ABOUT THIS TASK
Only what runs from the line with "الرجل الشجرة" to the end of the data should appear in the answer, exactly as written and without pictures.

Caption-style text data:
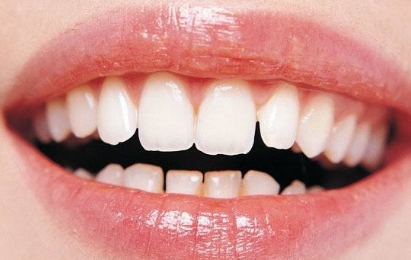 2023年，哪家醫(yī)院在武漢提供高質量的無痕隆胸手術？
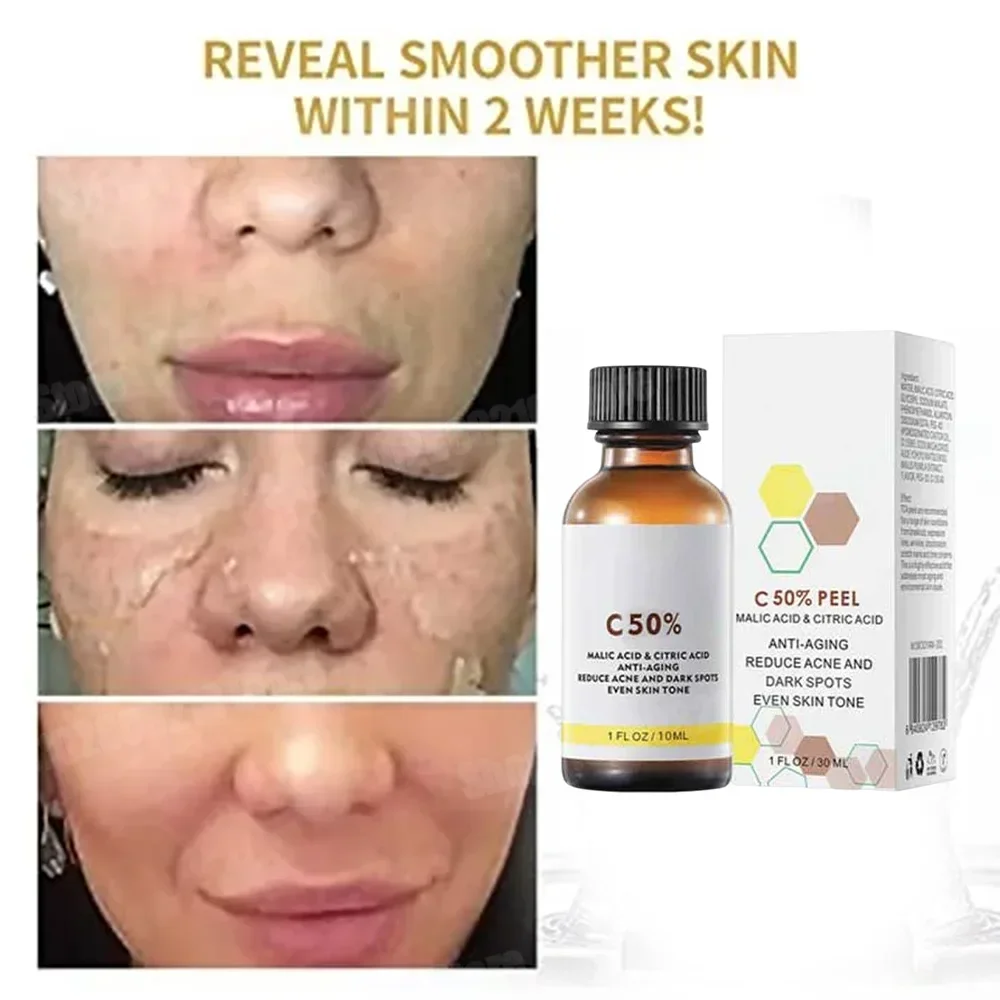 살리실산 페이스 페이셜 필 중화제 페이스 딥 홈 케미컬 - Salicylic Acid Cleanser 리뷰 및 가격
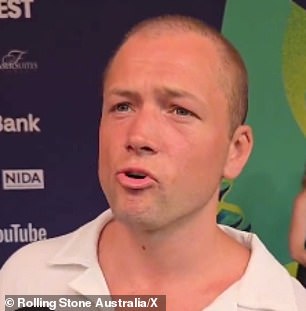 The actor's humility was subsequently praised by fans after the exchange was posted on social media, but others were more preoccupied with Egerton's lack of hair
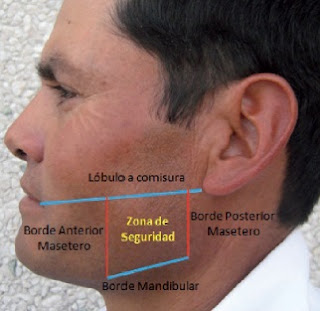 toxina botulinica botox tratamiento del bruxismo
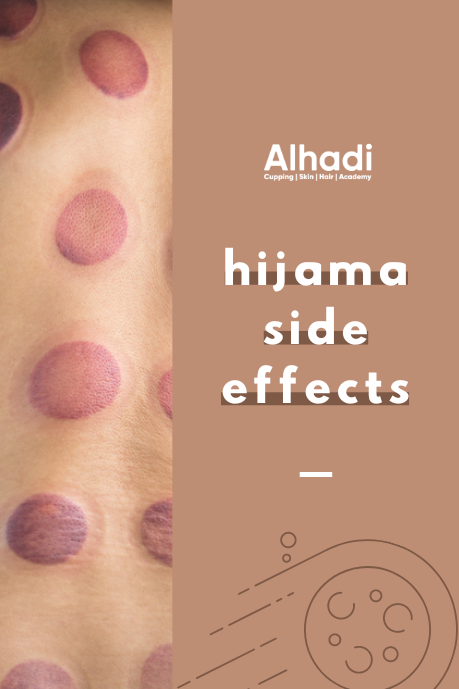 Cupping marks explained in detail -haad al hijama in hyderabad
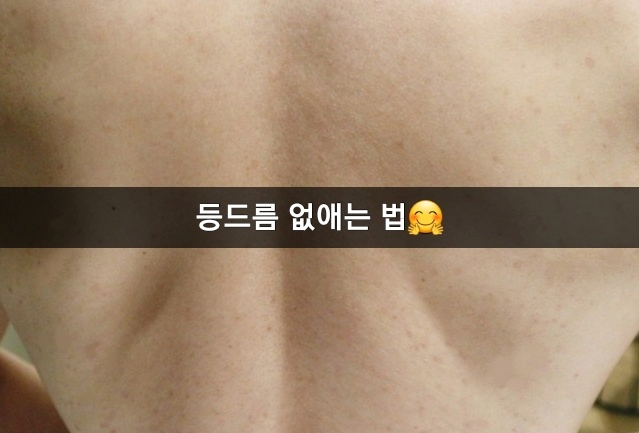 등드름 없애는 법 원인 찾고 등여드름 피지 잡고 흉터 비누와 복합 관리 ! 등드름 없애는 법 원인 찾고 등여드름 피지 잡고 흉터 비누와 복합 관리 !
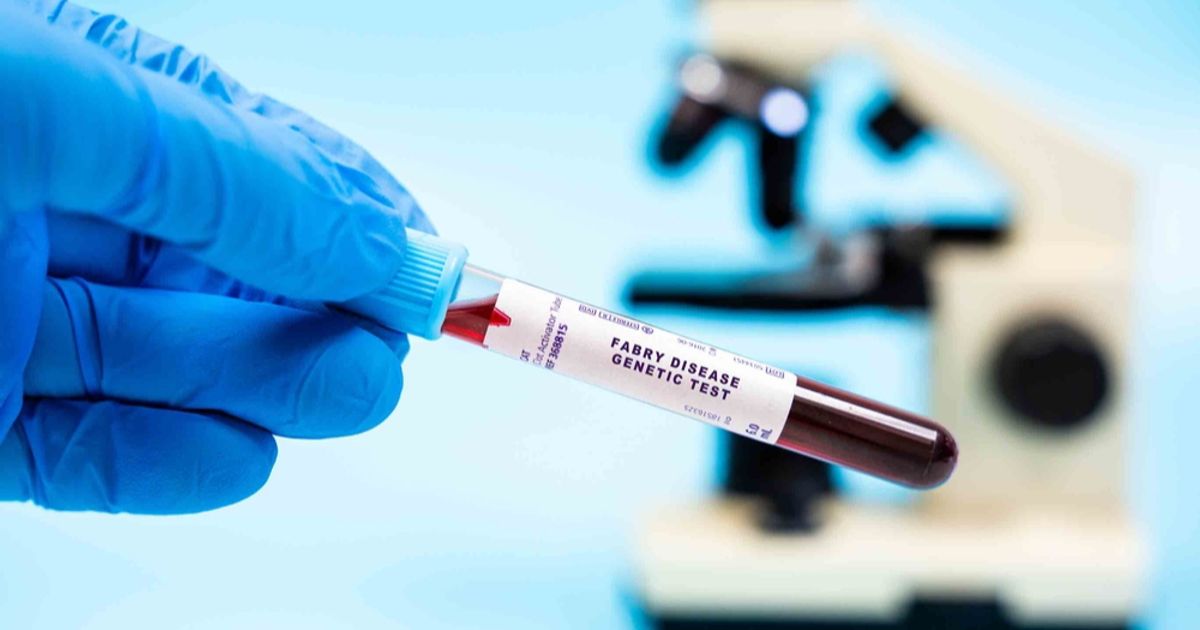 Protalix wins EU panel backing for expanded dosing of Fabry disease drug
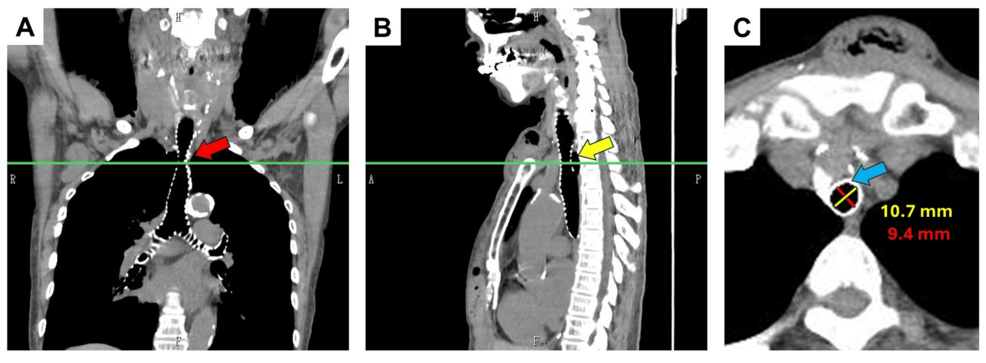 Postoperative-computed-tomography-multi-planar-reconstruction-image-of-the-present-case.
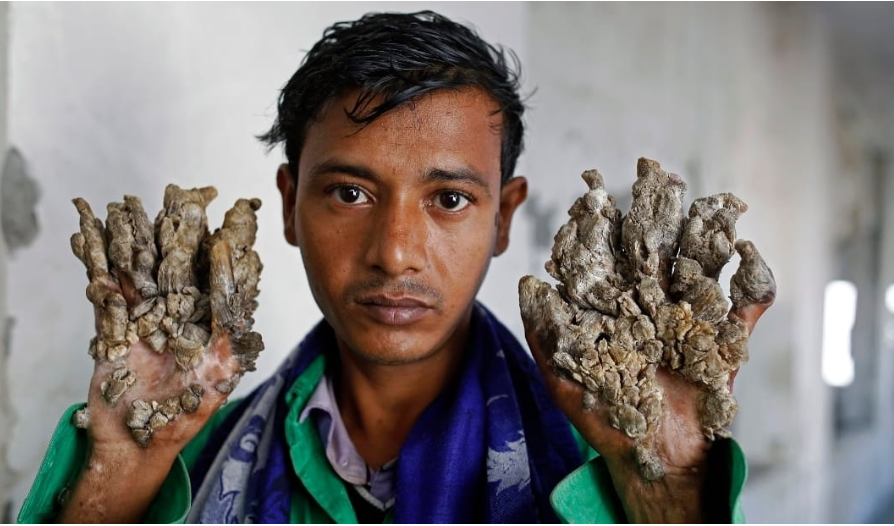 الرجل الشجرة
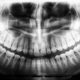 How to Plan for Recovery After Wisdom Teeth Removal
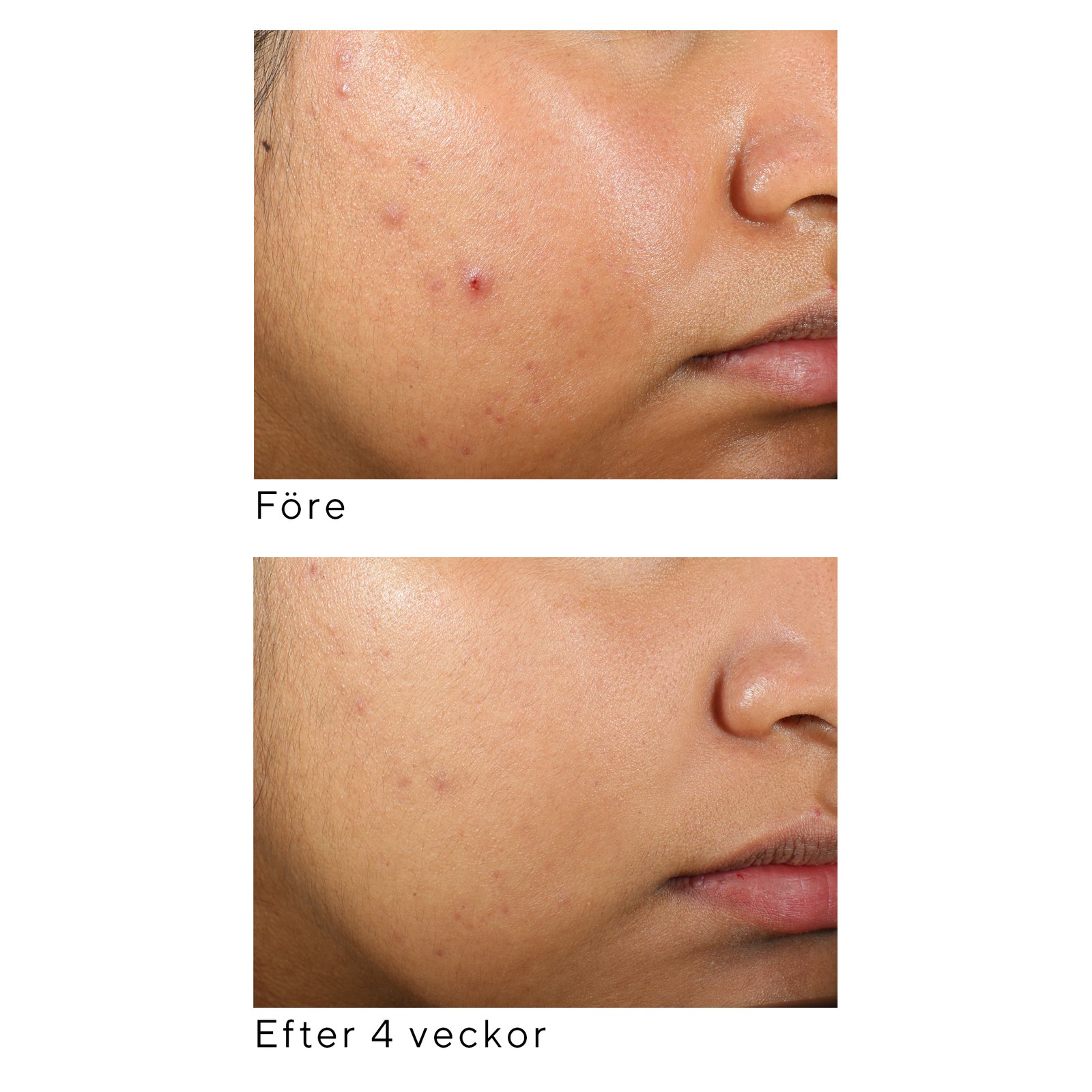 Murad Clarifying Water Gel 60 ml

RESULT BELOW
 الرجل الشجرة
 How to Plan for Recovery After Wisdom Teeth Removal
 Murad Clarifying Water Gel 60 ml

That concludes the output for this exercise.